On March 31, 2021, Qualigen filed form 10-KT with financial results for the nine months ending December 31, 2020 following the company changing its fiscal year-end from March 31 to December 31. During the nine months ending Dec. 31, 2020 the company recorded revenues of $2.9 million compared to $5.6 million during fiscal year 2020 ending Mar. 31, 2020. The decrease was related to both the current period only covering nine months and a reduction in sales to Sekisui, the company’s primary distributor, due to a decreased number of patient visits to physician offices because of the COVID-19 pandemic. All revenue was derived from the sale of diagnostic products.
G&A expenses were $7.1 million during the transition period compared to $1.5 million during fiscal year 2020. The increase was primarily due to increased stock-based compensation, professional fees, insurance expenses, payroll, and overhead costs. R&D expenses were $3.3 million during the transition period compared to $1.2 million during fiscal year 2020. The increase was primarily attributable to increased spending on the therapeutics pipeline.
As of December 31, 2020, Qualigen had approximately $24 million in cash and cash equivalents.

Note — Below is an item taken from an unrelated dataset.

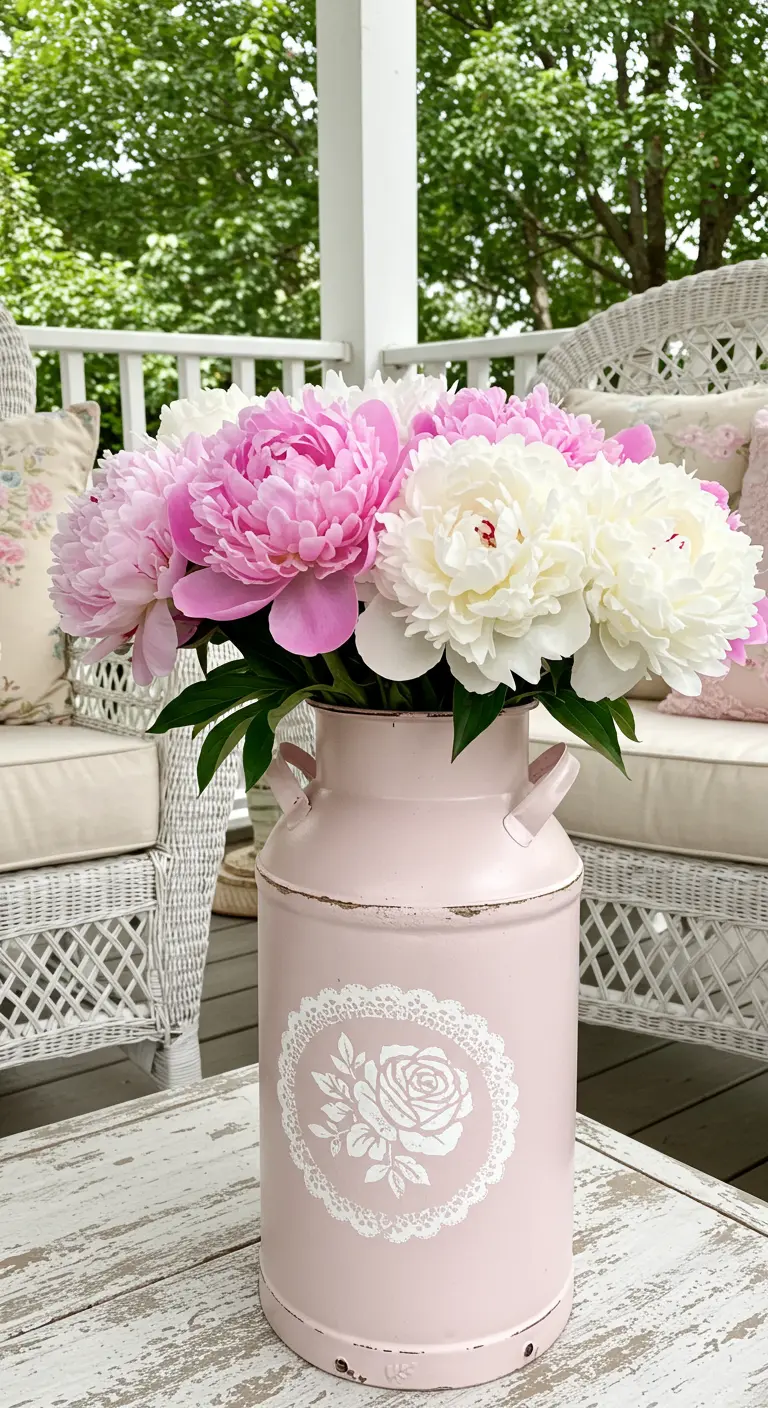 A weathered pink milk can with a white rose stencil holds a large bouquet of pink and white peonies.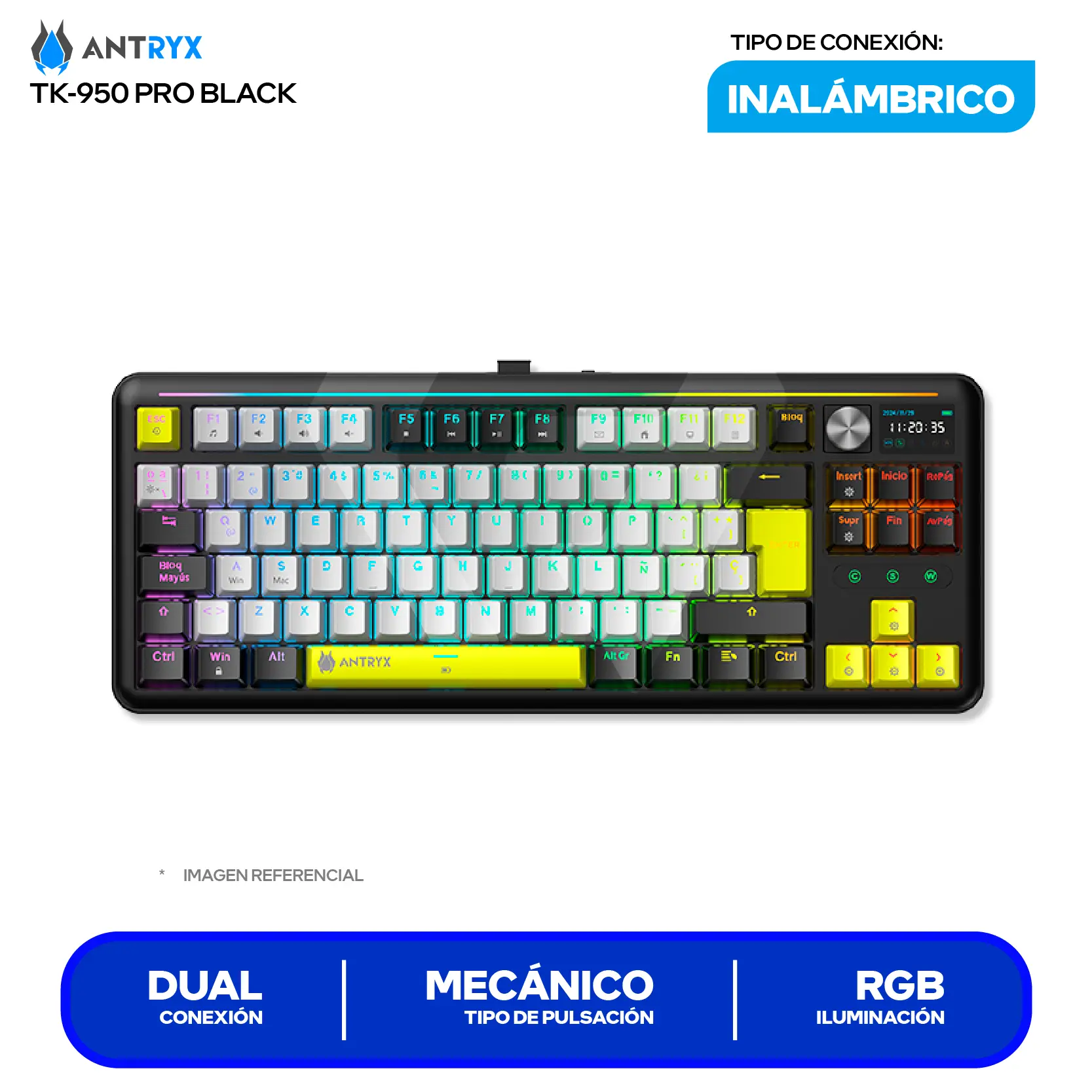 Teclado Gamer Inalámbrico Antryx TK950 PRO Black ( ATK-950PKGRE-SP ) Switch Red, Mecánico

This was due in part to a $12 million private placement the company closed in December 2020. We estimate that Qualigen has sufficient capital to finance operations into the second quarter of 2022. As of March 15, 2021, the company had approximately 28.8 million shares outstanding and, when factoring in stock options and warrants, a fully diluted share count of approximately 44.3 million.

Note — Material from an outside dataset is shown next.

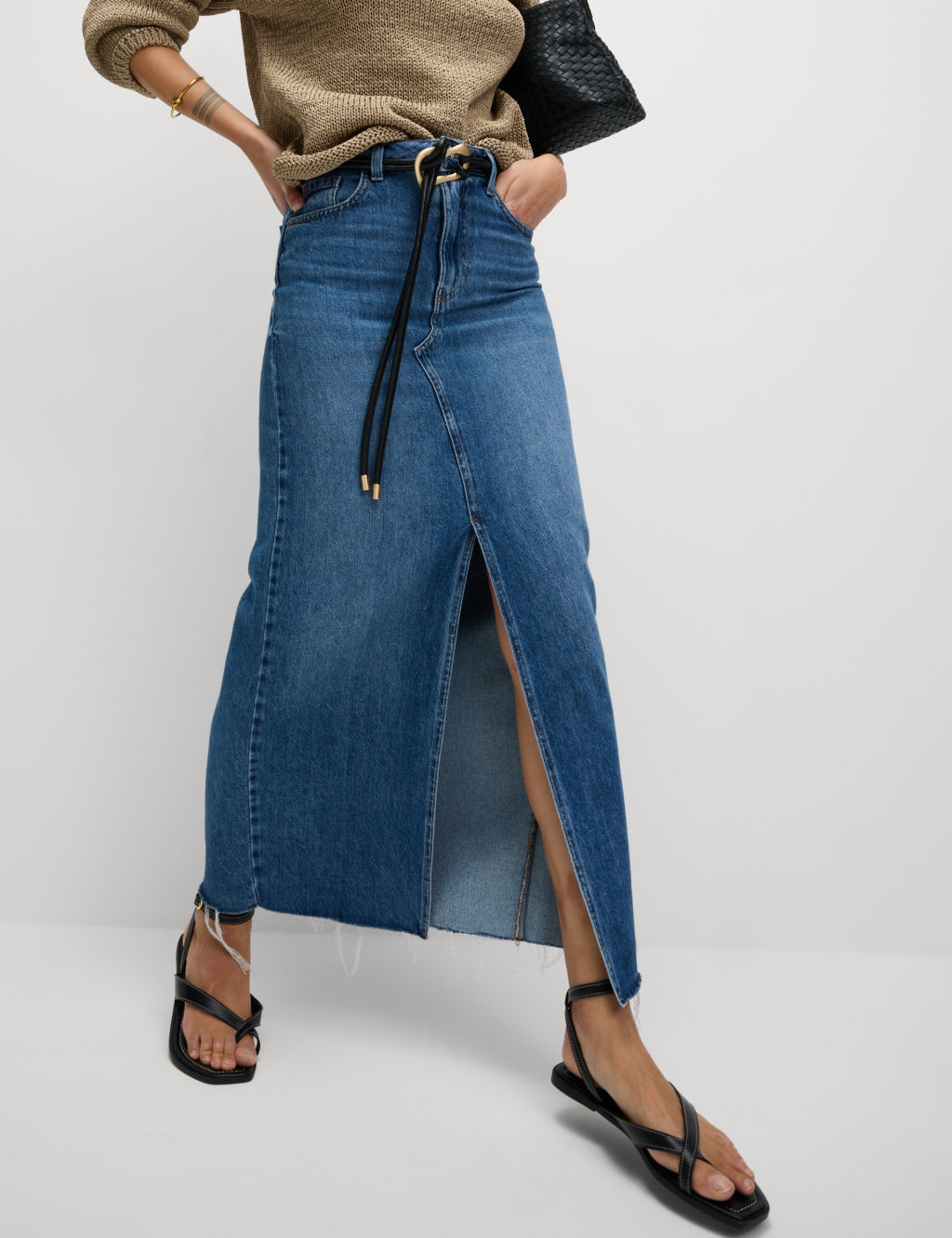 Denim Split Front Maxi Skirt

We look forward to additional updates regarding the upcoming clinical trial of QN-165 in COVID-19 patients, which we believe the company will provide upon filing of the IND in the second quarter of 2021. In addition, we anticipate additional updates for QN-247 and the RAS-F programs later in the year. We have accounted for the financing in December and moved our DCF model ahead one year and our valuation remains at $10 per share.